Although the building bearing the Chambers name is gone, the legacy of E.D. and Julia Chambers continues on.
Chambers Hall was demolished over Spring Break – the spot where it stood for 85 years now empty, awaiting a new chapter with construction of the Halbert-Walling Research Center. With attention turning to the future, let’s take a moment to appreciate the history of one of Abilene Christian University’s most generous families.
From 1929-45, E.D. Chambers was a member of the Abilene Christian College Board of Trustees, serving as its chair in 1942-43. But that long relationship began with an unexpected visit.
In 1928, two members of the board – J.E. McKinzie and J.C. Reese – traveled through rural West Texas, looking for families willing to support the college, which at the time was in near-constant financial trouble and planning to move campuses from downtown Abilene to the Hashknife Ranch northeast of town.
W.N. and Zona Luce had agreed to give 640 acres, and the trustees went to a bank in Spur, about 70 miles east of Lubbock, to close the deal.
Reese recalled the visit in an interview with Mae Robbins (’54) for her 1960 master’s thesis analyzing donations the college had received in its first 50 years.
“We asked Brother W.B. Lee, president of the bank, if he knew of anyone else who would be interested in helping Abilene Christian College in a similar way,” Reese told Robbins. “He suggested Mr. E.D. Chambers of Afton. We visited Mr. and Mrs. Chambers and told them of our need. He gave us a check and invited us to come back. We looked at the check later and found it to be made for $500.”
Adjusted for inflation, that would be the equivalent today of writing a $7,000 check.
That seemingly off the cuff, $500 gift quickly turned into much more. McKinzie and Reese went on to Amarillo, then swung through Afton on their way back to Abilene.
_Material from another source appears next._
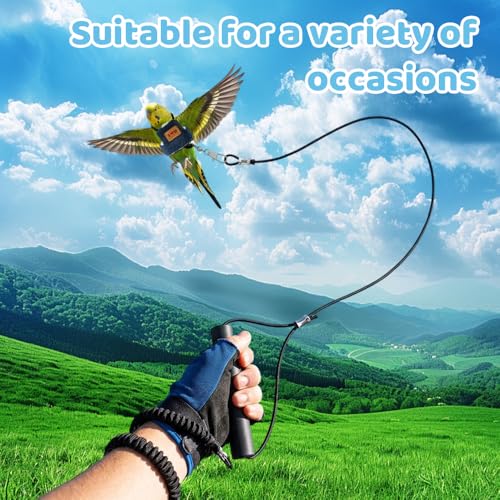 Bird Harness Leash, Adjustable Self-Adhesive Vest Birds Harness with 360° Swivel Clasp, Reusable Bird Flight Cloth for Outdoor Walking Training Anti-Escape - size: M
Visiting again with Chambers, Reese recalled the rancher “said that he had 160 acres he wanted to donate to the college. Then he studied a minute and said that would leave a 40-acre jog so he would throw in the extra 40 acres, too, and he already knew a man who wanted to buy the land.”
The family presumably sold the land because in 1929, ACU received $30,000 from E.D. and Julia Chambers – or nearly $412,000 in 2015 dollars. In return, one of the new campus’ original buildings was named Chambers Hall.
E.D. Chambers’ tenure on ACU’s board was bookended by significant gifts. Late in their lives, he and Julia established the Chambers Trust Estate, setting aside more than $150,000. Of that, $65,000 ($850,000 when adjusted for inflation) went to fund what became McKinzie Hall, with the remainder invested so that the returns would be split between ACU and church missions.
The gift was made in January 1945; E.D. and Julia Chambers died within a week of each other that July. The trust was transferred to ACU’s endowment in 1999, and it continues to award money for student scholarships today, 88 years after E.D. first pressed a check into the hands of Reese and McKinzie.